Apple M1 Ultra

HACO · 20 Mar 2022 at 15:11

humbug said:
5950X reviews between 27,500 and 28,500 in R23. up to 32,500 overclocked.

https://www.cpu-monkey.com/en/cpu-amd_ryzen_9_5950x-1749

Good shout. Not sure why I recalled it being in the 24k region rather than 28k for 5950X. Upon digging into the inner workings of Cinebench R23 it seems like it artificially favours Intel over AMD as well, due to using an older version of Intel Embree, so 5950X should in reality be rated even higher. Hopefully the new version addresses that.

Still waiting for someone to do a SPEC benchmark. Strange that these YouTubers are happy to spend 30k on launch day hardware but wouldn't buy the industry standard CPU benchmark tool for $1000. Maybe something to do with it taking 10+ hours.
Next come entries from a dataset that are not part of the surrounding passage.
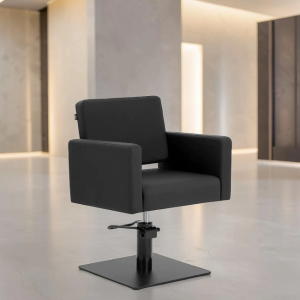 Gabbiano Vitoria Beige hairstylist chair – hydraulic hairstylist chair – professional hairstylist seat – modern salon chair – premium hairstylist furniture – beige ergonomic chair – 360 rotation chair – matte black square base – minimalist hairstylist chair – comfortable hairstylist seat – durable salon furniture – design hairstylist furniture – aesthetic professional hairstylist chair – synthetic upholstery hairstylist chair – height adjustable chair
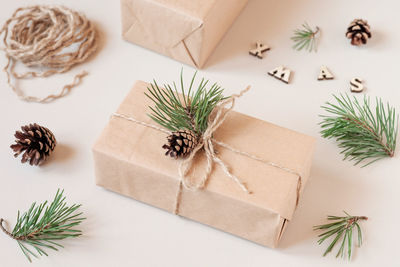 A christmas gift, packed in kraft paper and decorated with a pine branch and a cone. 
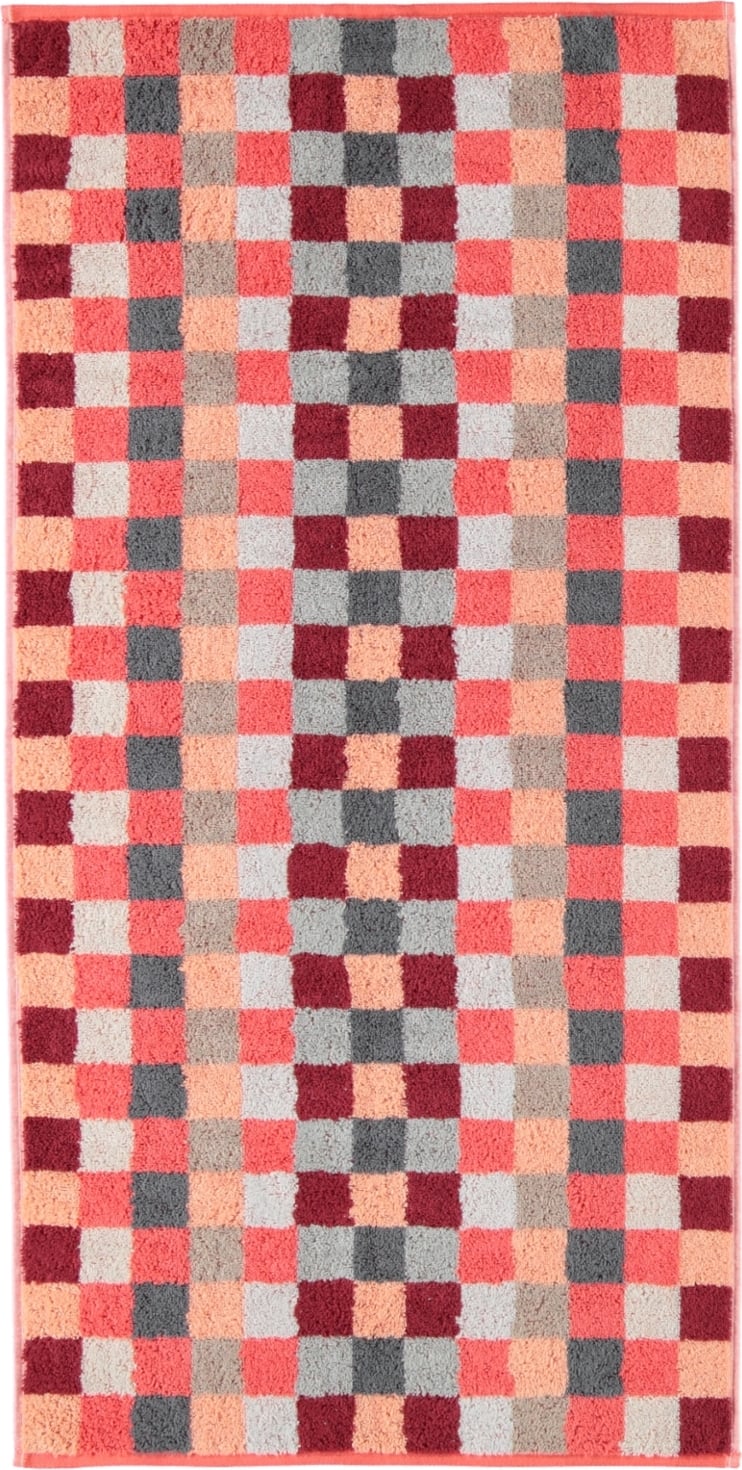 Ręcznik Unique szachownica 70 x 140 cm koralowy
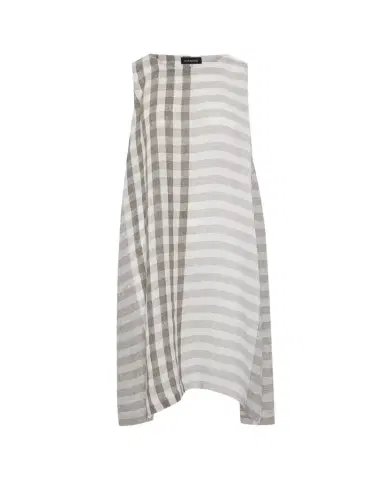 Eskandar Linen 3/4-Length Side Pleated Sleeveless Dress | Thumbnail 1 Eskandar Linen 3/4-Length Side Pleated Sleeveless Dress | Thumbnail 1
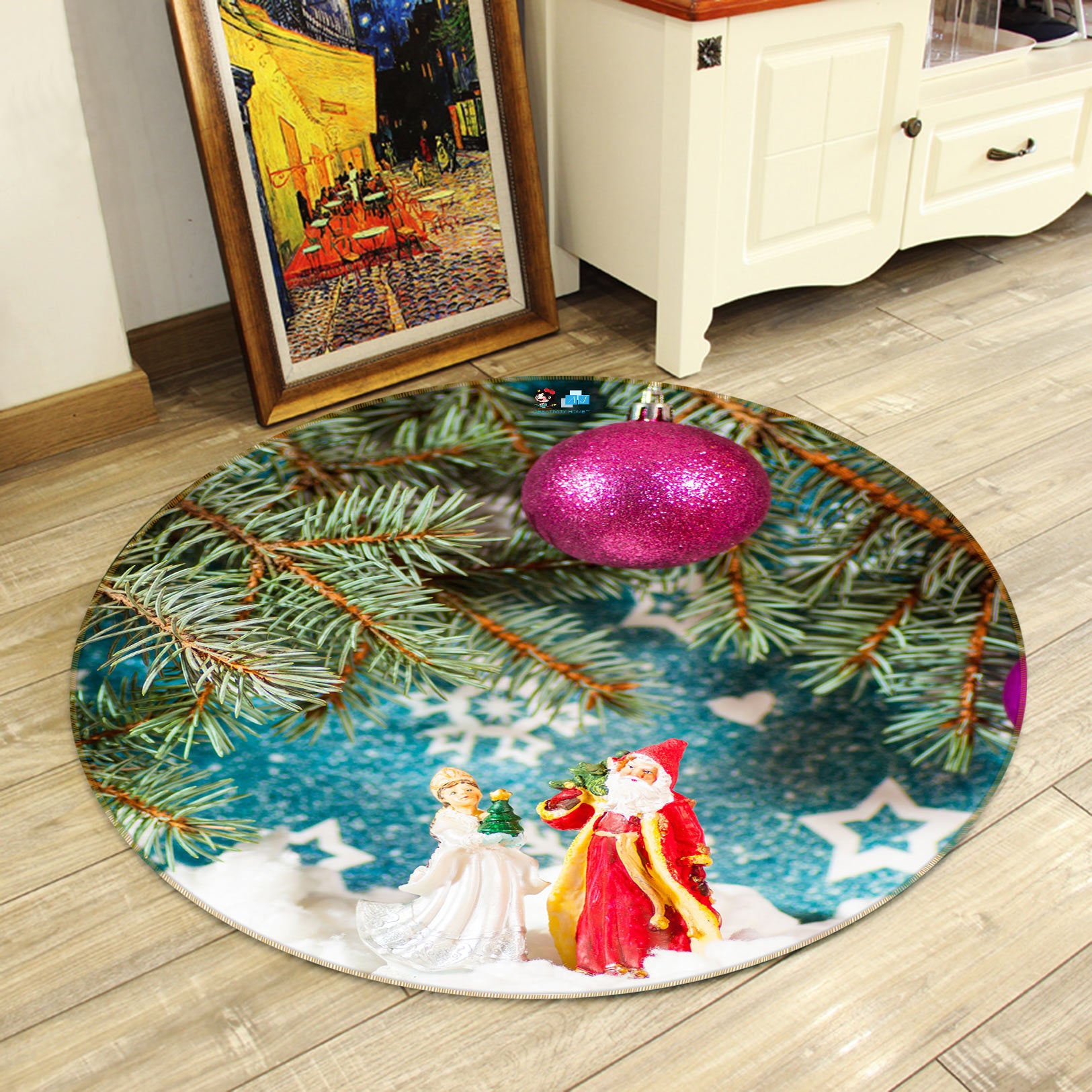 3D Santa Claus Ornaments 54061 Christmas Round Non Slip Rug Mat Xmas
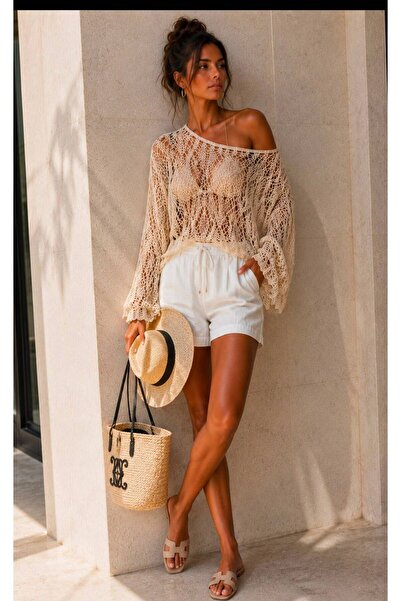 MUSIMONO MODA Premium Merserize Ajurlu Triko Bluz Ekru Kayık Yaka Oversize İt...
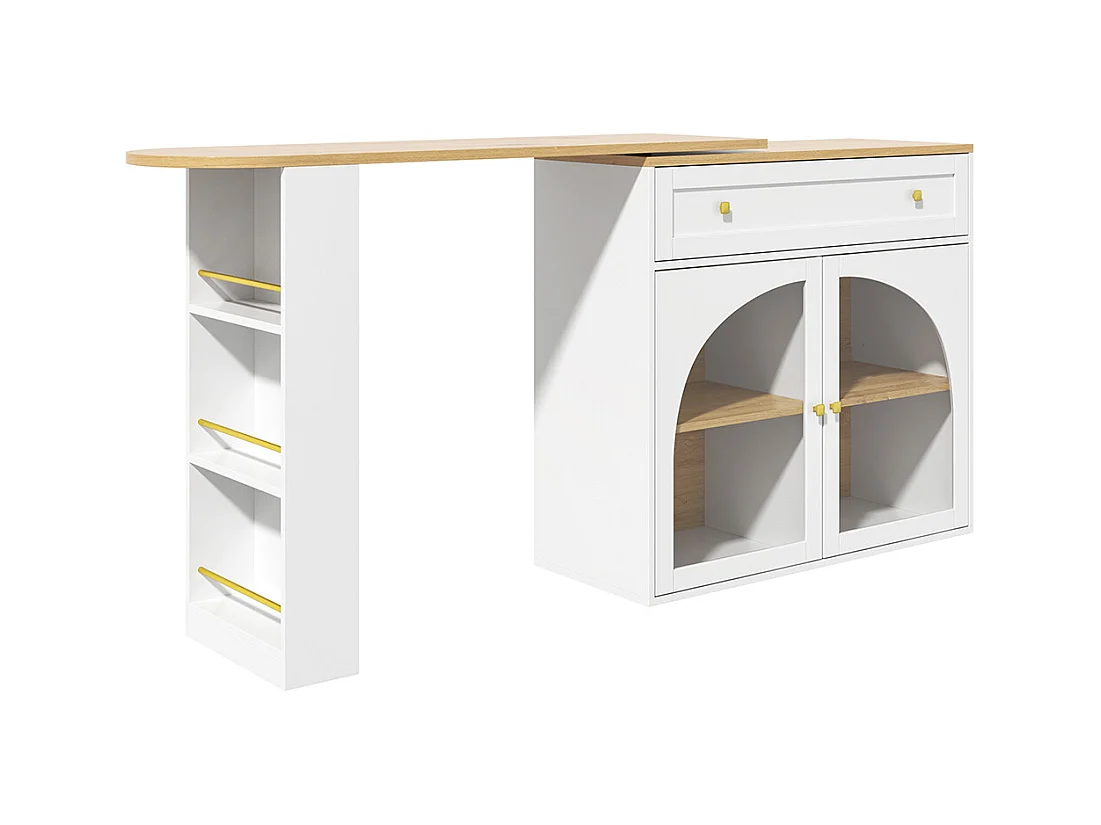 Buffet de cuisine table de bar extensible espace rangement pivotante 360° table de bar mobile moderne table bistrot étagères verre blanc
humbug · 20 Mar 2022 at 15:12

I'm not suggesting the Apple M1 is anything less than impressive but their marketing is absolutely atrocious

I would like to know how Apple got to "160 watts for a 16 core Desktop processor" and relative performance of 150 vs 200?
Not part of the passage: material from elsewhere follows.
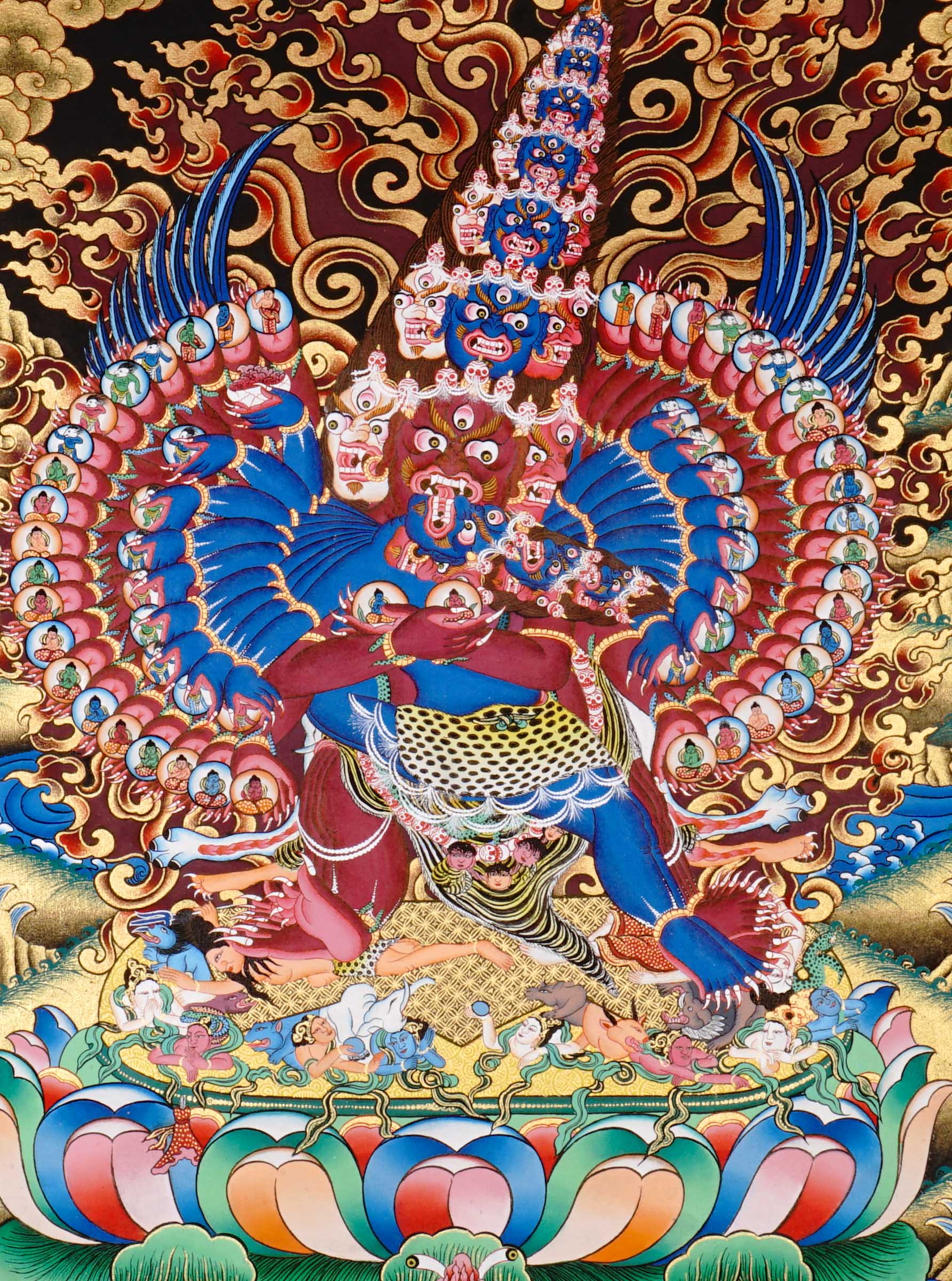 Heruka Thangka painting with multi-faced wrathful deity, flame halo, lotus base, and Tibetan Buddhist tantric symbolism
Of course the slides doesn't say, it just makes a sweeping statement, that 16 core 160 watt processor will be something random from Intel's 6 years old back catalogue, it will not be the 5950X (again take nothing away from how impressive the M1 chip is) which at 120 watts blows the M1 Ultra out of the water in MT.

Its probably also why people reviewing Apples new M1 products completely ignore Zen 3 because it is also quite impressive, especially from a chip built on a 4 year old 7nm process, just wait until AMD get on 5nm.

The Apple M1 is ###### good, no need to prat about like this Apple.

Edit: its in the small print, how did they arrive at this slide?

HACO · 20 Mar 2022 at 15:19

humbug said:
I'm not suggesting the Apple M1 is anything less than impressive but their marketing is absolutely atrocious

I would like to know how Apple got to "160 watts for a 16 core Desktop processor" and relative performance of 150 vs 200?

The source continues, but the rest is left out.